Here are four impacts the shutdown will have. As a veteran, myself, heading up a veterans group with over 360,000 supporters, I don't think I'd like to find out just how bad this could get.

VETERANS CLAIMS - The Department of Veterans Affairs is largely funded a year in advance of its budgetary need. So, unlike many other departments, they mostly have the funding they need to keep open. That's the good news. The bad news is that the part of the VA that isn't funded in advance means they may have to furlough 20,000 claims processors. We've all read about the backlog of medical claims. The Department has actually started to make tremendous headway to eliminate it. Furlough those 20,000 claims processors, and not only will claims face greater delay, but the backlog could grow again, erasing all the progress that's been made. So, after this is all said and done, and we hear about how the backlog has swelled again, be sure to send a 'thank you' card to House Republicans, for making that happen.

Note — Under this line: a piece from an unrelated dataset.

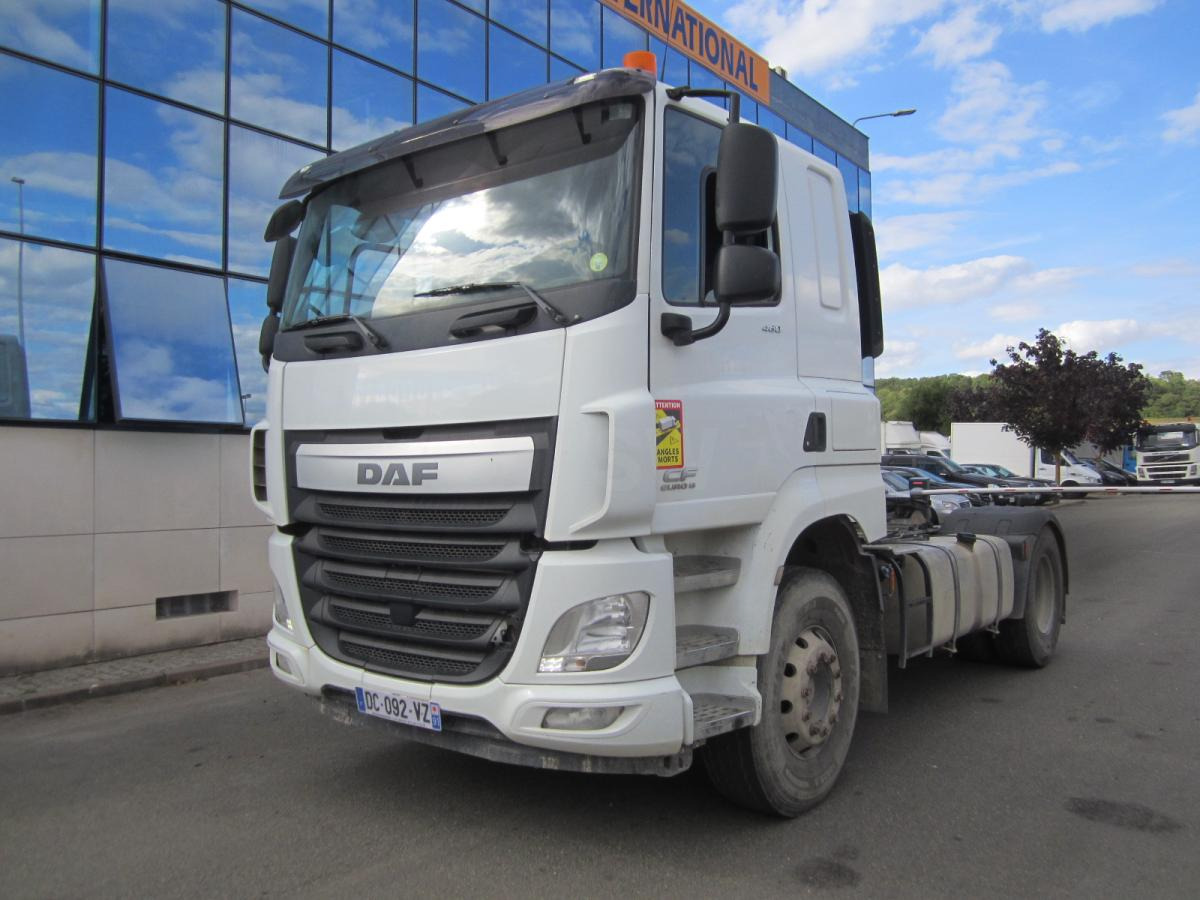 DAF CF 460 - Tractor unit: picture 1 DAF CF 460 - Tractor unit: picture 1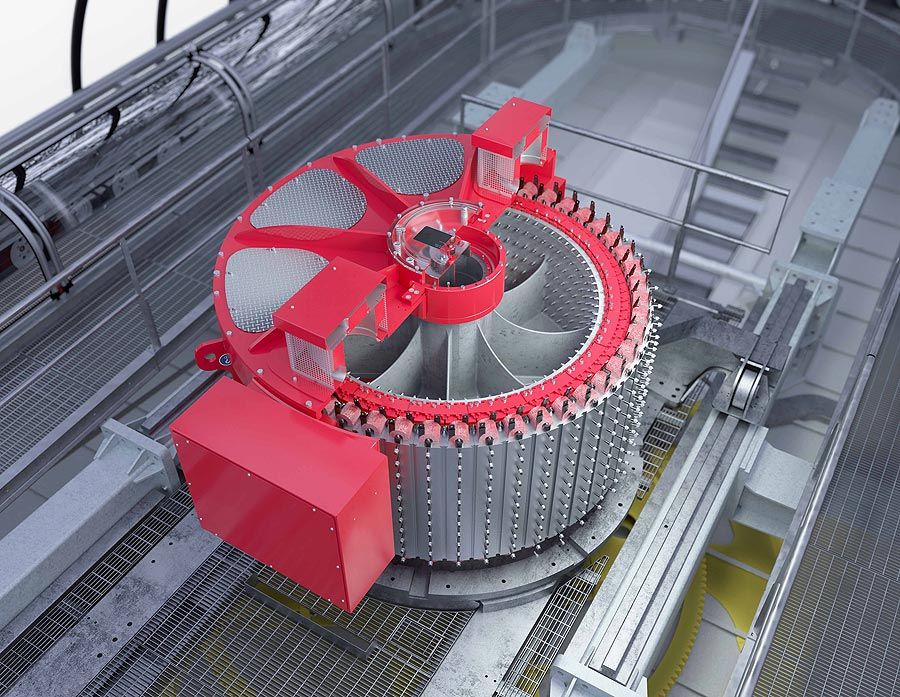 LEITNER DirectDrive - weiterhin unerreicht am Seilbahnmarkt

MILITARY HEALTH CARE - Another area that could be greatly impacted is the care at military hospitals and health installations. We know that during the 1995 shutdown, military hospitals canceled appointments, and even surgeries, as civilian workers were sent home. The severity of the situation may vary from hospital to hospital. Some may only see Active Duty troops, and not see any veterans, Guard, or Reserve, or their families, who are on TRICARE, the military health care system. Some hospitals may only offer emergency or acute care. Some may be able to continue offering pharmacy services. Some may not. If Republicans continue the shutdown, and further cuts need to be made by military hospitals, the situation will undoubtedly become worse.

MILITARY READINESS - While our active duty military will continue to report for duty, another area that the Department of Defense may have to cut, out of necessity, is training for our Guard and Reserve. Again, this happened in 1995. A number of states are already preparing for the possibility of not being able to train their National Guard troops. It is tough to say just how much this will impact military readiness, and rotations of our troops serving overseas, especially in Afghanistan. But, do we sincerely want to find out how badly the readiness of our Guard has been impacted, when there's a terrorist attack they must respond to, or a natural disaster?

OTHER MILITARY SERVICES - Families bear the brunt of a loved one being deployed. Losing a mother or father, husband or wife, can cause a lot of strife. For those living on base, services from commissaries to family support services could face cuts. While, to civilians, this may seem like a minor inconvenience, think about being a temporary single mother with a couple of kids. Having your market shut down, or backed up with long lines, is really the last thing you need right now. For those coping with a lot of stress, and in need of talking to a counselor, finding that they've been sent home only compounds the stress of having their loved one overseas, at a time we should be helping alleviate that stress. Again, the impact of a shutdown on these services will vary, but we know it will be bad, and only get worse, as time goes on.

The sad irony of all of this, of course, is that House Republicans feel like tempting fate, by forcing a government shutdown, all so they can defund a program -- the Affordable Care Act, or Obamacare -- that will help over 2 million uninsured veterans and veteran family members, have reasonable access to private health insurance. Undoubtedly, starting Tuesday, many of them will sign up for private insurance, by virtue of Obamacare. And so, every day that House Republicans demand a defunding of Obamacare after that will be a demand to yank away that readily available access from veterans and their families.

It's hard to see how anybody wins, especially troops, veterans, and their families, the longer the House Republicans pursue their "shutdown the government" strategy.